Molybdenum
supplements for nausea and vomiting from gastrointestinal viruses
During the first part of 2016, I authored a medical
hypothesis connecting less severe “morning sickness”—nausea and vomiting of
pregnancy (NVP)—with high regional intake of foods containing relatively high
levels of the essential micronutrient molybdenum.[i]
My sister purchased a bottle of the molybdenum supplement
“Moly-B” to have on hand in case she became pregnant. She did not get pregnant,
but she and a friend contracted a gastrointestinal virus, and she decided to
try the molybdenum for the nausea and vomiting caused by the virus (her husband was already vomiting from it). As a result
of taking the molybdenum early in the course of the infection, she and her friend completely avoided any vomiting
and passed the virus quickly.
Since my sister’s serendipitous discovery, approximately 70
people (at least that I know of) have used molybdenum supplements
to either completely avoid vomiting from “stomach bugs” or to cut short the duration
of vomiting from “stomach bugs” after it had already begun. The effects are
clear and dramatic and go far beyond what one would expect from a placebo
effect. Molybdenum, if taken during the early stomach cramping stage
of a gastrointestinal virus infection, has been to my knowledge uniformly
successful at preventing vomiting. Furthermore, molybdenum taken during the
vomiting stage has also shown itself effective to shorten the duration of the
vomiting stage, although larger doses seem to be required than if molybdenum had
been taken earlier.
The dosages people have been taking for this purpose are typically
10-20 times larger than the established RDA for molybdenum, yet still
below the established tolerable upper intake level. Moreover, the molybdenum is
only used on as “as-needed” basis, not chronically. Two other brands of
molybdenum supplements have also been used by people I know, and all three molybdenum supplement
brands show approximately the same effectiveness.
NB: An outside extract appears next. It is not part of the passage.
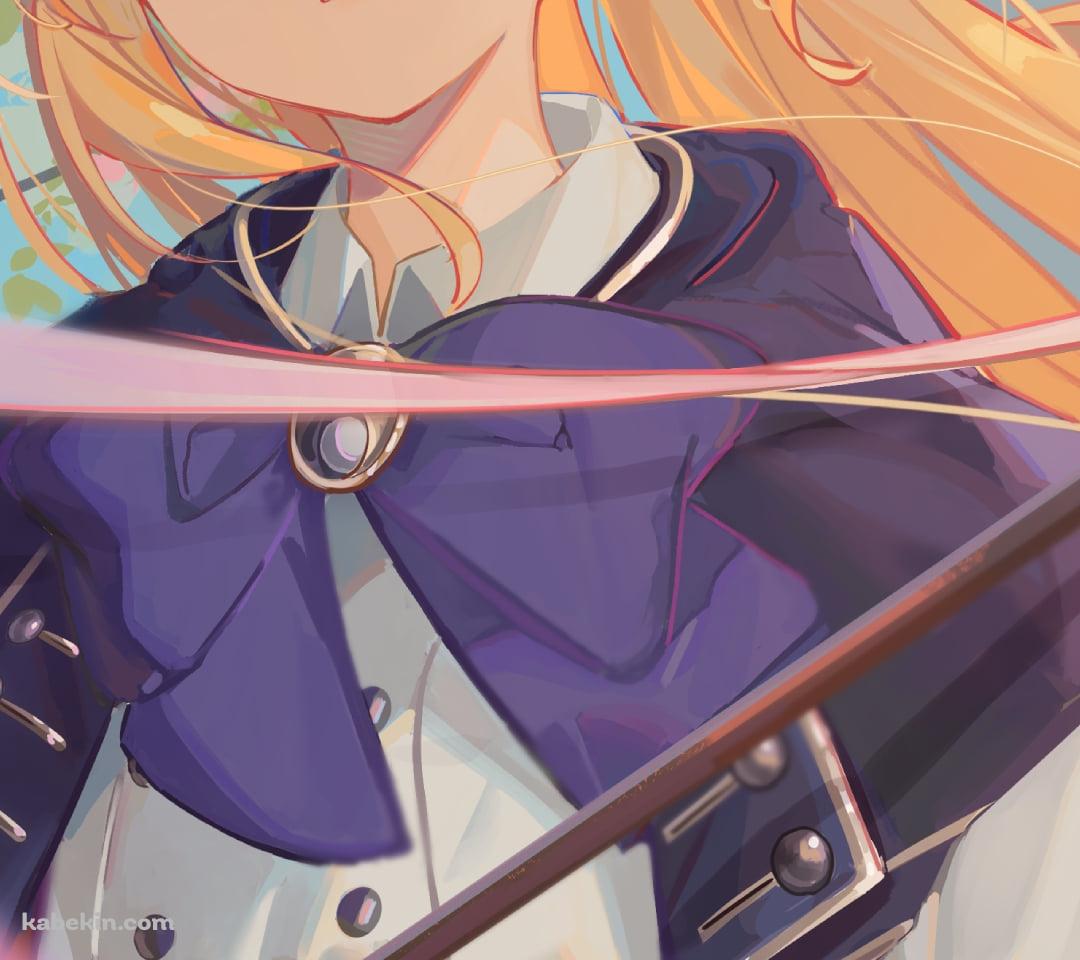 ベレー帽を被った可愛いアルトリア・ペンドラゴン / アルトリア・キャスター / FateのAndroidの壁紙(1080px x 960px) スマホ用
How is molybdenum having this effect? Correlation argues
best for causation where there is a plausible causative mechanism, and below is
a suggestion of how I think molybdenum might be alleviating nausea and vomiting
from gastrointestinal viruses.
The Molybdoenzyme
Sulfite Oxidase and Sulfite
There are only five known enzymes in the human body that
incorporate element #42, molybdenum,[ii]
an essential trace mineral in the human diet. The most interesting of these
molybdenum enzymes to my research on NVP was sulfite oxidase. Sulfite oxidase
catalyzes the conversion of sulfite to sulfate, which is then recycled or
excreted from the body. Sulfite is toxic to humans; it was formerly used in
salad bars to keep cut produce fresh-looking until it sent many restaurant
patrons to the hospital with severe symptoms that included anaphylactic shock, nausea,
abdominal pain, seizures, and death.[iii]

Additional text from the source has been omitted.